■ **RECORDS SHOWN**:

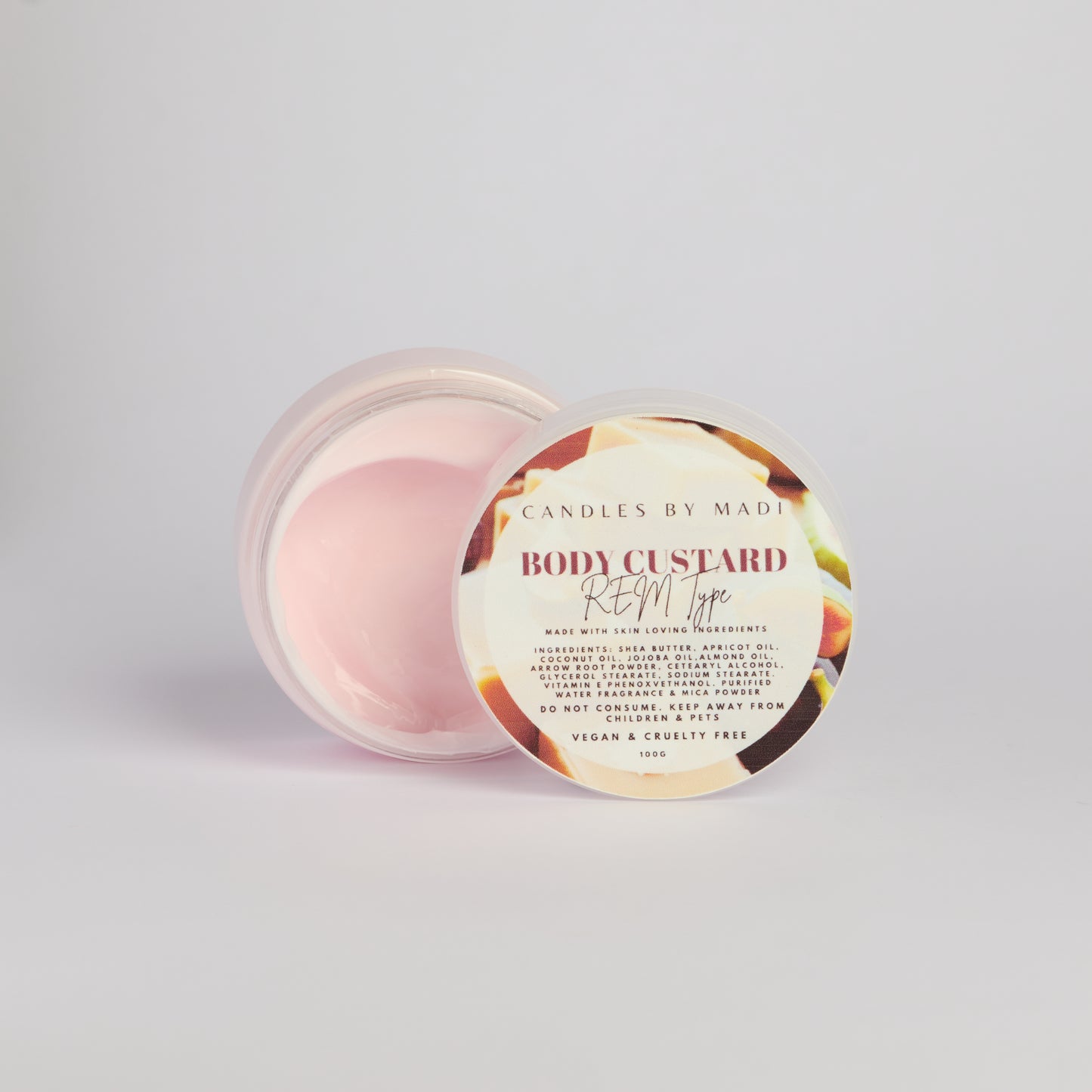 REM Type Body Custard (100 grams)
* * *
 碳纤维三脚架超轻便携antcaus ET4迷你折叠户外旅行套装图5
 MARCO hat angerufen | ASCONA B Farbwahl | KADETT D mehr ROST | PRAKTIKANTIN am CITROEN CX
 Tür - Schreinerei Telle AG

■ **DESCRIPTION OF THE TASK**: The lines to extract from the data above begin with the line containing "MARCO hat angerufen" and end with the line containing "Tür - Schreinerei Telle AG". Extract them exactly, including both.

■ **ANSWER SECTION**:
 MARCO hat angerufen | ASCONA B Farbwahl | KADETT D mehr ROST | PRAKTIKANTIN am CITROEN CX
 Tür - Schreinerei Telle AG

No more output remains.